5.4 Scope of the experimental setup

From a broad perspective, forecasting can be split into different varieties. In this work we focus on uni-variate time series, assuming that only the variable of interest is available.

We also center our goal on predicting the next value of the time series, and assume immediate feedback from the environment. However, in many application domains one is often interested in predicting multiple steps in the future. Although we do not evaluate the proposed method in this setting, it can be extended to multi-step forecasting using state of the art approaches to this effect. We intend to study the application of ADE in these settings in future work.

Finally, as we describe in Sect. 4.1, we focus on time series with an high sampling frequency, specifically, half-hourly, hourly, and daily data. The main reason for this is because high sampling frequency is typically associated with more data, which is important for fitting the predictive models. Standard forecasting benchmark data are typically more centered around low sampling frequency time series, for example the M competition data (Makridakis et al. 1982).

5.5 Other research lines

We plan to address the previous limitations of ADE by exploring the described potential solutions. Besides these, there are other interesting open research questions. Specifically, we will study ways of quantifying and leveraging the uncertainty of the arbiters regarding the loss that the experts will incur. For example, one could develop an approach in which, when the uncertainty of the output of the arbiters is high, the weights are smoothed. This could be accomplished efficiently using, for example, an infinitesimal jackknife (Wager et al. 2014) (provided random forests are used as arbiters).
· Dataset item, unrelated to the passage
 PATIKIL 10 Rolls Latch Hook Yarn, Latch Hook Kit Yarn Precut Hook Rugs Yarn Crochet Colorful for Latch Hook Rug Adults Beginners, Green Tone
We also plan to study the ability of the method, and how it can be adapted, to the timely detection of anomalies, i.e., activity monitoring (Fawcett and Provost 1999). Another interesting analysis could be using ADE in a continual learning setup, where instances for a sequence of tasks are observed over time.

6 Conclusions

In this paper we presented ADE, a dynamic ensemble method. We focused on time series forecasting problems, where the objective is to predict future values of a sequence of observations.

ADE is comprised of a set of forecasting experts pre-trained on the available data. A metalearning approach is used to dynamically estimate the weight factors of these experts at run-time. This is accomplished by having a set of arbiters that model the error of each expert and predict how well they will perform in future observations. The resulting weights are used for obtaining the aggregated prediction of the ensemble. This aggregation may temporarily assign zero weight to some experts if their current performance is estimated to be too bad. This suspension decision may be revised in future time steps thus contributing to the robustness of the approach to regime changes.

We argued that this metalearning approach is useful to better capture recurring changes in the environment. Particularly, long-range temporal dependencies (e.g. seasonal factors) that short-memory windowing approaches may fail to grasp efficiently.

Our proposal also includes a sequential re-weighting approach for modelling the inter-dependencies among experts. Specifically, this approach is designed to control and reduce the redundancy in the output of the experts during their aggregation. Within the proposed arbitrage approach we also include a procedure for retrieving out-of-bag observations from the training set. These are used to fit the arbiters, significantly improving the data efficiency of the method.

We carried out an extensive empirical study to better characterise the performance of our proposal. This study has provided clear evidence on the competitiveness of our method in terms of predictive performance when compared to the state of the art. We also discussed its limitations and provided guidelines for solving them in future work. The main point for improvement is the scalability of the method. We plan to address this issue and potentially adapt ADE to streaming or incremental scenarios.

In the interest of reproducible science all methods are publicly available as an R software package.